While this is all commencing, I am working on being the best me I can be.  I have a plethora of negative cognitions that I am trying to understand and reframe.  Why?  Because what once served to protect and serve me is now a futile energy force.  An example…
Recently, one of my dear sisters commented on how my body was so much smaller.  I immediately ‘phhhh’ed’ her and let her know I hated how slow my progress was.  She asked how much weight I had lost.  I told her I didn’t know bc  I was choosing to stay away from the scale, because it had way too much power over me.  (I keep intending to take measurements but haven’t done that yet.)  You know,  “I’ve looked at many before after photos of people who had lost weight and worked out…their scale said the same number but their bodies were completely different.”   She got exactly what I was saying….I don’t know if it’s a girl thing or a sister thing or whatever, but it’s nice to be ‘gotten’.
I didn’t (at that point) have a clue what my weight was.  I hadn’t weighed on a scale in six weeks.  What I did know…my jeans fall off of me without a belt; I’ve worked out every day for nearly 3 weeks; my energy is steady throughout the day and my skin looks good (except for a few breakouts).  That should’ve been sufficient, yes?
Nope.
I got right on that scale as soon as I got home from my sister’s house.  Guess what?  The flipping number is .07 more than it was the last time I weighed.  Guess what else?  This number sent my brain into tailspin mode.
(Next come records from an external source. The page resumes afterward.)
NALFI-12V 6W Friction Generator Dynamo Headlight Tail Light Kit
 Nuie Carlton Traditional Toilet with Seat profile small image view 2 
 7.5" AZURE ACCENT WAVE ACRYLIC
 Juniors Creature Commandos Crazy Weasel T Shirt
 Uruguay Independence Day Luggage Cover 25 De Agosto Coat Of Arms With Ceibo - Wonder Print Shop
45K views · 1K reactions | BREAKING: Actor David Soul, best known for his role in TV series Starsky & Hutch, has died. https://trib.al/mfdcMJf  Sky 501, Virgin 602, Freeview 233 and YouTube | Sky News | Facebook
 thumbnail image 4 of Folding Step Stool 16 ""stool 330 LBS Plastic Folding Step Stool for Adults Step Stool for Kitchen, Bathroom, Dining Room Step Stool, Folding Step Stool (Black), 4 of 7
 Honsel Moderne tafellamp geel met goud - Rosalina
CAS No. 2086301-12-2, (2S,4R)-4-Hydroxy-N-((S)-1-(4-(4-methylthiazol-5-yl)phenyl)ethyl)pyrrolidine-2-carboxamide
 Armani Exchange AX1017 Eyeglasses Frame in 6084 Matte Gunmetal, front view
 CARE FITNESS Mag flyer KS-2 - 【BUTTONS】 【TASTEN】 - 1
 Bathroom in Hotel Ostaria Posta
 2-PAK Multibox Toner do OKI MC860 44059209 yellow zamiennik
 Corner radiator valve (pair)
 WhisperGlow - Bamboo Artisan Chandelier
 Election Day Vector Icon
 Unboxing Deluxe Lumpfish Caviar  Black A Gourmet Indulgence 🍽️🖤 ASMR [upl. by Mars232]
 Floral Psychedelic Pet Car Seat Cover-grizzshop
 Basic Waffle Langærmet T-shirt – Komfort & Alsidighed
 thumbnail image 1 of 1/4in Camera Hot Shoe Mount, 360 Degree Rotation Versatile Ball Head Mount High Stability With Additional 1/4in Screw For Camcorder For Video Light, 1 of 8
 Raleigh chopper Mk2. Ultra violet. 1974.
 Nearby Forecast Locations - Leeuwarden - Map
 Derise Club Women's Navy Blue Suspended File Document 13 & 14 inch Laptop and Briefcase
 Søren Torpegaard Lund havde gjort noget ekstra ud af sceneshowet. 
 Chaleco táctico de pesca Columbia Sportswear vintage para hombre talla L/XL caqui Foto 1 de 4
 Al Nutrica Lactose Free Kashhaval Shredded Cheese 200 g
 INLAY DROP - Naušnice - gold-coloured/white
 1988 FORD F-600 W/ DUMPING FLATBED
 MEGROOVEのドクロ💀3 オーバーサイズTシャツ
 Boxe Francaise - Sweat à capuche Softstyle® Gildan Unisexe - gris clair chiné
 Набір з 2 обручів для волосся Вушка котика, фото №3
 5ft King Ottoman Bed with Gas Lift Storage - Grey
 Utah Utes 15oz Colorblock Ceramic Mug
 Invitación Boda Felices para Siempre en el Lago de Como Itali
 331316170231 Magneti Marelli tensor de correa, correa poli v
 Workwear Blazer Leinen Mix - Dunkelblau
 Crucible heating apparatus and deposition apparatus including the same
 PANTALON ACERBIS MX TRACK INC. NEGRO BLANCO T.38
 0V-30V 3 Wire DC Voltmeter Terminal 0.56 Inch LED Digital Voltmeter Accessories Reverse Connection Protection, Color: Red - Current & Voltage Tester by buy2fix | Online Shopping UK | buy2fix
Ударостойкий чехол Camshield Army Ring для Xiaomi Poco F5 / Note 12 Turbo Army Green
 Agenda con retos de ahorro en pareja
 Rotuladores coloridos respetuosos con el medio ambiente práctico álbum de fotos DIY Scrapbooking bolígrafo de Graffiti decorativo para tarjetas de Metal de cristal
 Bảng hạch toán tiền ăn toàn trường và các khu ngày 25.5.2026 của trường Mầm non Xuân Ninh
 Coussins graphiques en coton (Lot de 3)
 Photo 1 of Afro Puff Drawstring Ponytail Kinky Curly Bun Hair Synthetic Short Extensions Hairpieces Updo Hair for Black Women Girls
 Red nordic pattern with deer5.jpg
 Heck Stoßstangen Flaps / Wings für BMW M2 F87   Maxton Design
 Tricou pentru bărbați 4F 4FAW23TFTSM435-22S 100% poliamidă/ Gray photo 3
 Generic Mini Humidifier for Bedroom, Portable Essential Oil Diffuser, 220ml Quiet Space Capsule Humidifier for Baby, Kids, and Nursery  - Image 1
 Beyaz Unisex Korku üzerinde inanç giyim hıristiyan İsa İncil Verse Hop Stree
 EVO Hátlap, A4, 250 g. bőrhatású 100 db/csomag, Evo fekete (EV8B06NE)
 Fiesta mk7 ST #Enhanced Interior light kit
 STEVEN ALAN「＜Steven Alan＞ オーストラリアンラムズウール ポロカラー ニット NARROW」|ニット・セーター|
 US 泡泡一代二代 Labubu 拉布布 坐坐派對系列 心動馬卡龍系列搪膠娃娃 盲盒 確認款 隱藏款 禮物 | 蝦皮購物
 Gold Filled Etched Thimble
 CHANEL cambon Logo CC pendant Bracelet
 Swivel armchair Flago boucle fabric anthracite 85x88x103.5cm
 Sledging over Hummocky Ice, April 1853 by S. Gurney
You see, it’s not just a number on the scale to me.  It’s a loud voice screaming inside my head that I will never be ‘hot’, it doesn’t matter, I should continue to seek out men who aren’t best for me because girls like me settle, etc, etc.  Ugly fucking thoughts that erased every positive thing I have noticed in the moments (hours) I spent going down that path.
It has taken me two days to begin to get into a better mode of thinking about myself.  There is so much negativity tied in a bundle for me around body image.  I am so thankful that I have strong legs, a healthy heart, a never ending ability to think and learn and so much more.  I hate that I get wrapped up in superficial shit, but I’m human, and I do.
It was not until Stella (my 14 year old daughter) was in the bedroom and she overheard me talking to myself in the mirror.  I don’t know my exact words but I know they were defeating and probably included the use of F-A-T.  She zipped into my closet and stood there with her hand on her hip; “Mom!  What do you think you are teaching me is important right now?”  There was no squirming away from the discomfort of her question.
How can I tell my children how very important self-love is and at the same time, demonstrate self-hatred at any level? I can’t, and it sucks.  Either I say what I mean and mean what I say or I don’t.
I’ve got work to do. It’s part of the transition. Maybe transformation is a better word. I don’t want to carry negativity forward.
Digging deep and learning what all of this is really about matters. There is certainly a part of me that feels more comfortable holding on to my image of a very pure, very good girl, and that girl is always wearing a mask.  Part of her mask is a cushy body.  There is another part of me that is very much enjoying my femininity, my sexuality and womanhood.  For some reason, I have it set up in my mind that she must look very different than me.  “She” must be in supreme shape in order to be worthy of those things.
I am trying to consolidate (still) that I can be very pure hearted, very good hearted, very God loving AND very authentic, womanly, sexy AND enjoy every minute of who she is.
I dream of a love story that I’ve yet to experience…it’s the one where I love myself deeply so that I can love others better.  People say loving me is easy…I am trying to find that truth for myself.

Status Single

If I were to be interviewed tonight regarding my thoughts on dating, men and myself, I might be banned from opening my mouth again. Or maybe my words would reverberate a familiar tune to those walking a similar path.

There is a linguistic dance party in my brain and the words all seem to be dancing to a different tune.

I have been officially divorced for about a year and a half. I was legally separated for about a year and a half before that. To clarify, this was a first divorce after an 18 year first marriage (23 years together). I had never planned on a divorce and I am not sure what I think about another marriage. I do know that I never want another divorce. Ever.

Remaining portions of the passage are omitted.